Data Flow Pipeline
This page traces data from each external source system through the Bronze, Gold, Semantic, and Reports layers. Understanding this flow is essential for debugging data quality issues, adding new sources, and reasoning about data freshness.
End-to-End Data Flow
graph TD
subgraph Sources["Source Systems"]
AX["Dynamics AX<br/><small>ERP: sales, inventory,<br/>logistics, finance</small>"]
DV["Dataverse<br/><small>CRM: contacts, accounts,<br/>system users</small>"]
VS["Vesper API<br/><small>Cheese futures, spot prices,<br/>exchange rates</small>"]
SP["SharePoint<br/><small>List data</small>"]
DC["Datacollect<br/><small>Internal data collection<br/>forms</small>"]
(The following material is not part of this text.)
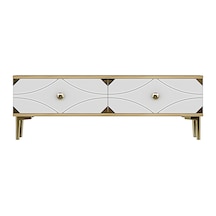 Tsa1297dbg - Alfa Tsa120 Tv Stand, Tv Sehpası, Tv Ünitesi Safirmeşe - Beyaz - Gold 120cm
BD["Broker Systems<br/><small>Marex, StoneX<br/>futures positions</small>"]
end
subgraph Ingestion["Ingestion Layer"]
SH["Lakehouse Shortcuts<br/><small>Zero-ETL, Microsoft-managed<br/>sync to OneLake</small>"]
AF["Azure Functions<br/><small>Python, scheduled +<br/>on-demand ingestion</small>"]
end
subgraph Bronze["Bronze Lakehouse<br/><small>Raw data, no transforms</small>"]
BT["Bronze Tables<br/><small>~100 source tables<br/>exposed via SQL endpoint</small>"]
end
subgraph Gold["Gold Warehouse<br/><small>dbt transforms, schema: dbo</small>"]
STG["Staging (78 models)<br/><small>1:1 with sources<br/>Light rename + cast</small>"]
INT["Intermediate (14 models)<br/><small>Joins, business logic<br/>Cross-source enrichment</small>"]
MRT["Marts (84 models)<br/><small>Dims + Facts<br/>Business-ready tables</small>"]
VW["Consumer Views<br/><small>Tagged: consumer_view</small>"]
MON["Monitoring Models<br/><small>ETL health metrics</small>"]
end
subgraph Semantic["Semantic Layer"]
DL["5 DirectLake Models<br/><small>Auto-refresh from Gold<br/>LH_Gold_Full, Datacollect,<br/>3 market data models</small>"]
IM["2 Import/Mixed Models<br/><small>Manual credential refresh<br/>Report Owners + 1 other</small>"]
end
subgraph Output["Output Layer"]
RPT["22 Power BI Reports"]
EXP["Excel Exports<br/><small>SQL -> Excel -> Email<br/>Config-driven, scheduled</small>"]
end
AX -->|shortcuts| SH
DV -->|shortcuts| SH
SP -->|shortcuts| SH
VS -->|scheduled| AF
DC -->|on-demand| AF
BD -->|scheduled| AF
SH --> BT
AF --> BT
BT --> STG
STG --> INT
INT --> MRT
MRT --> VW
MRT --> MON
MRT -->|DirectLake| DL
MRT --> IM
DL --> RPT
IM --> RPT
MRT --> EXP
Source Systems
Six source systems feed into Bronze via shortcuts (zero-copy references) or Azure Functions (scheduled/on-demand ingestion). For the full source inventory with ingestion methods, schema organization, and Bronze architecture, see Data Sources.
dbt Transformation Layers
Data flows through three dbt layers: Staging (1:1 views on source tables), Intermediate (cross-source joins and business logic), and Marts (materialized dimensions and facts consumed by semantic models). See dbt Pipeline Overview for the full layer architecture, source groups, macros, and critical business logic.
Export System
Alongside reports, the platform provides config-driven exports: SQL query → Excel generation → email delivery. Exports can be scheduled or triggered on-demand via a web UI. See Export System for configuration, authorization, and the full architecture.
Data Freshness
| Layer | Freshness | Trigger |
|---|---|---|
| Bronze (shortcuts) | Near real-time | Microsoft-managed sync |
| Bronze (API ingestion) | Daily or on-demand | Azure Functions timer/HTTP triggers |
| Gold Warehouse | Nightly (full build) + PR builds | dbt-dev-build.yml pipeline |
| Semantic (DirectLake) | Immediate after Gold build | No separate refresh needed |
| Semantic (Import) | Manual refresh | Requires credential owner to trigger |
| Reports | Real-time from Semantic | No caching layer |
The practical implication: for most reports, data is at most one day old (reflecting the nightly dbt build). Dataverse/AX source data in Bronze is near real-time, but Gold transformation is batch.